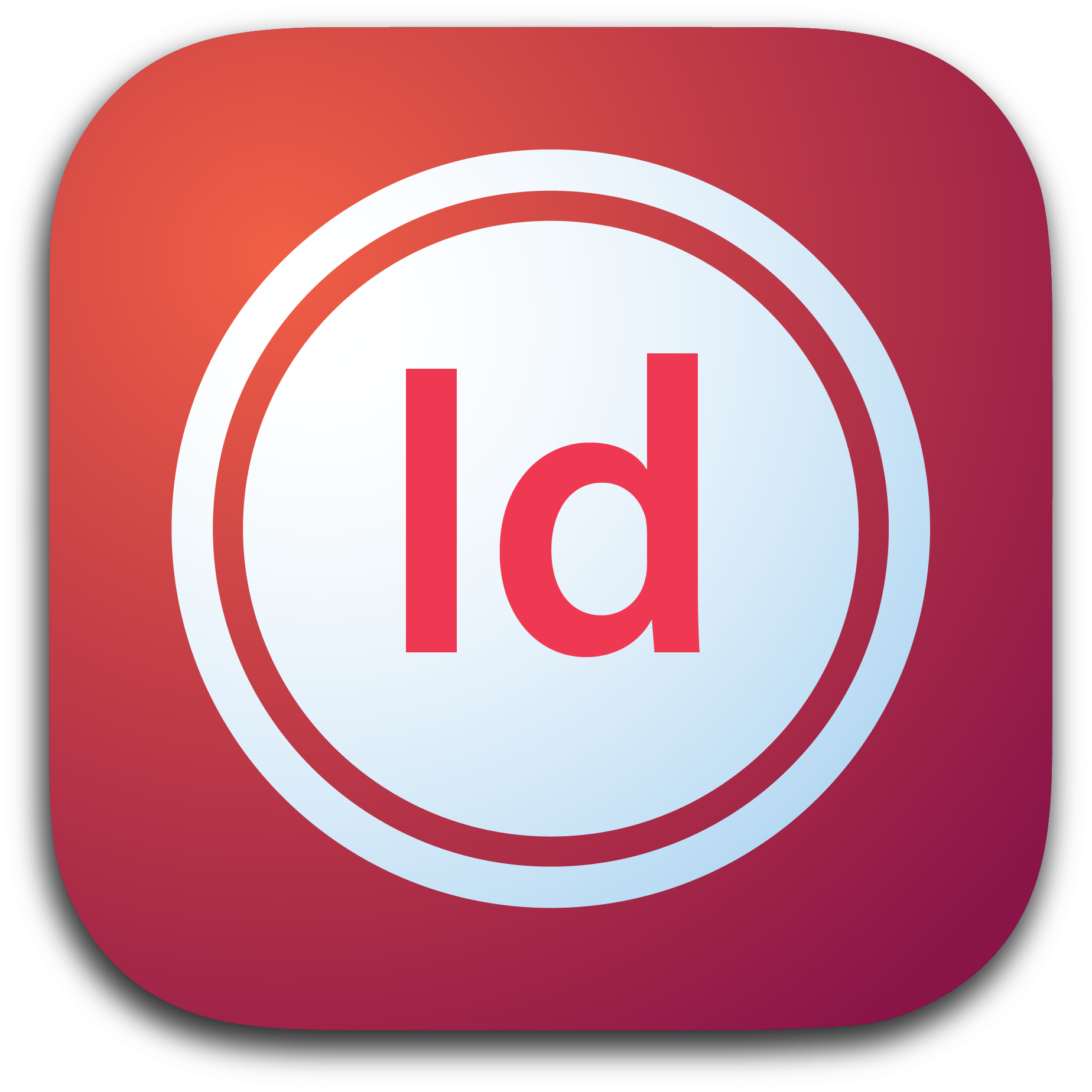 Indesign icon 512x512px (ico, png, icns) - free download | Icons101.com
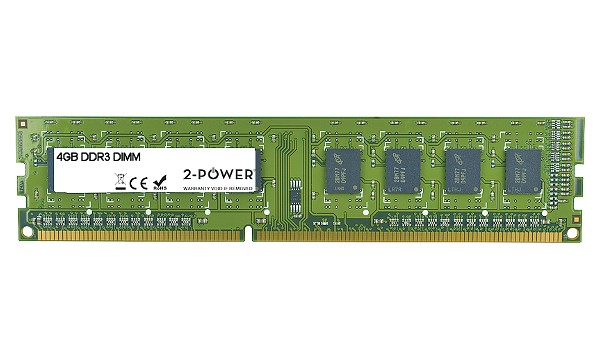 Inspiron 660 4GB DDR3 1333MHz DIMM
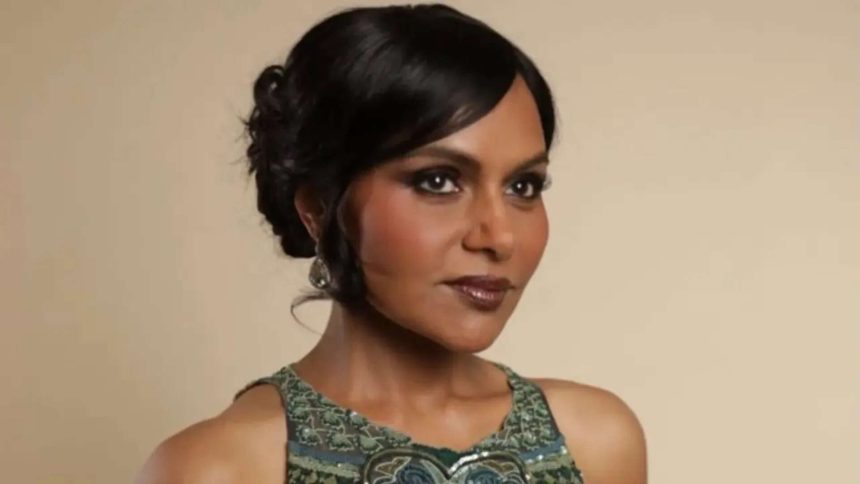 Mindy Kaling reveals her motivation for weight loss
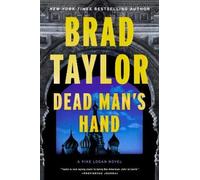 Brad Taylor Dead Man's Hand (Tascabile) Pike Logan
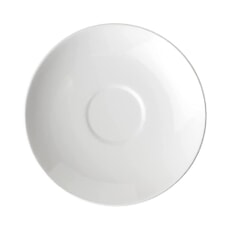 Villeroy and Boch Rose Garden Saucer Espresso Cup White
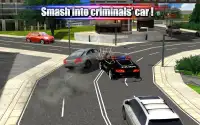 Crime Town Police Car Driver Screen Shot 4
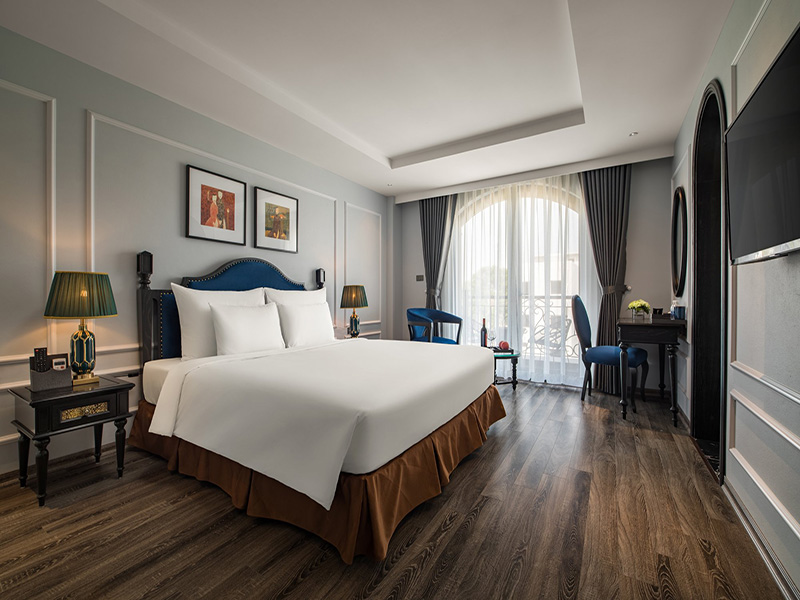 Lalita Boutique Hotel & Spa Ninh Binh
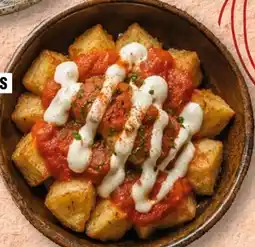 Handelshof Schnefrost Patatas Bravas Angebot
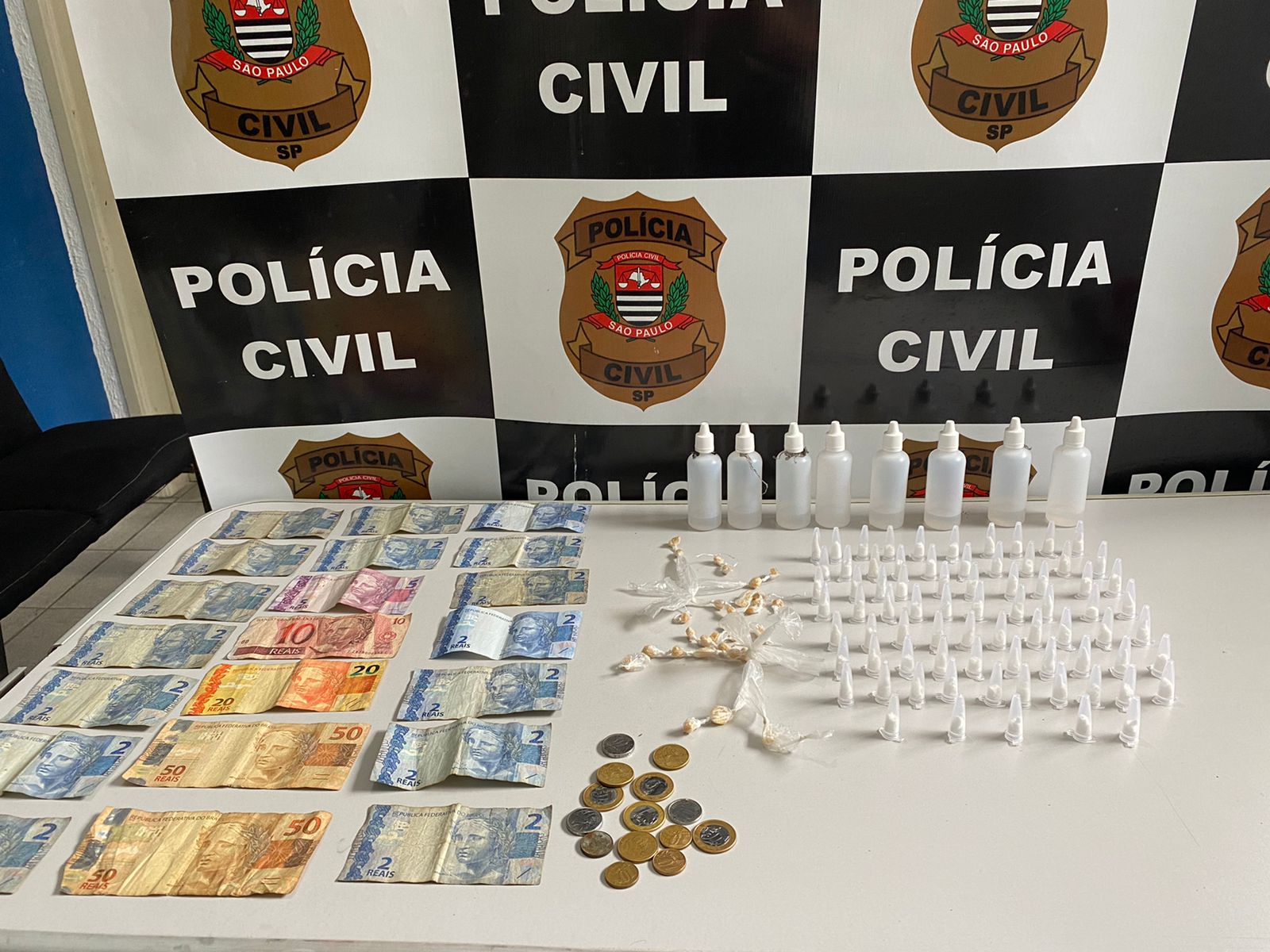 Foto: Divulgação / Polícia Civil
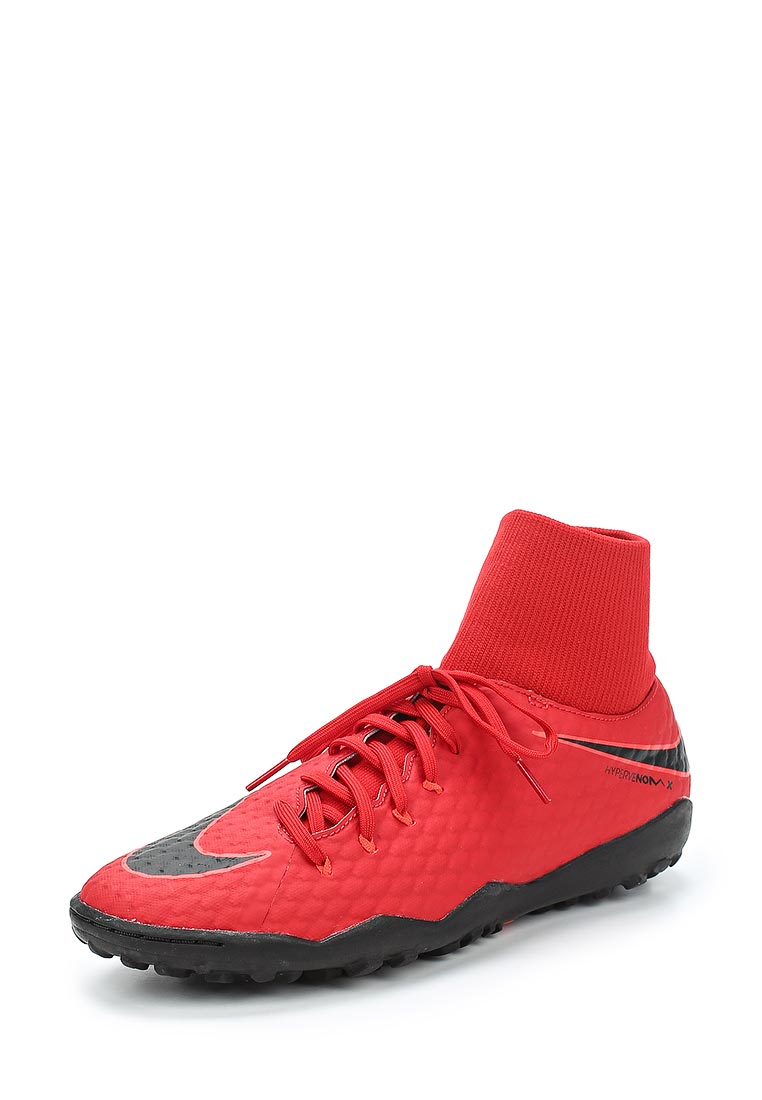 Nike HYPERVENOMX PHELON 3 DF TF NI464AMUFZ94 Lamoda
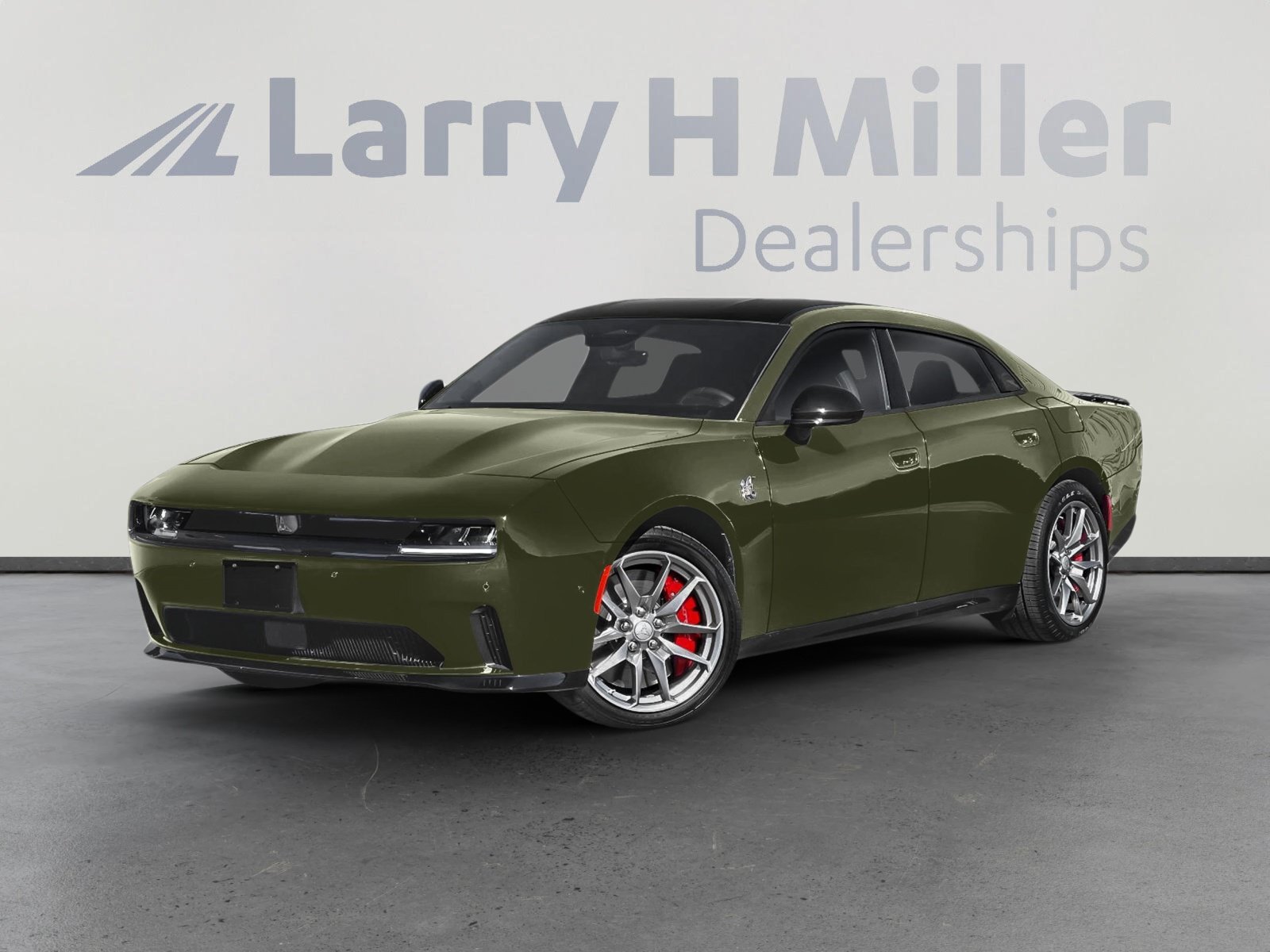 New 2026 Dodge Charger R/T AWD/4WD image 2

• • •

**Directions for this task**:
Set the pictures aside and reproduce exactly the lines above, from the line holding "Villeroy and Boch" through the line holding "Nike HYPERVENOMX PHELON", both included, with nothing else.

**Solution to this task**:
 Villeroy and Boch Rose Garden Saucer Espresso Cup White
 Crime Town Police Car Driver Screen Shot 4
 Lalita Boutique Hotel & Spa Ninh Binh
 Handelshof Schnefrost Patatas Bravas Angebot
 Foto: Divulgação / Polícia Civil
 Nike HYPERVENOMX PHELON 3 DF TF NI464AMUFZ94 Lamoda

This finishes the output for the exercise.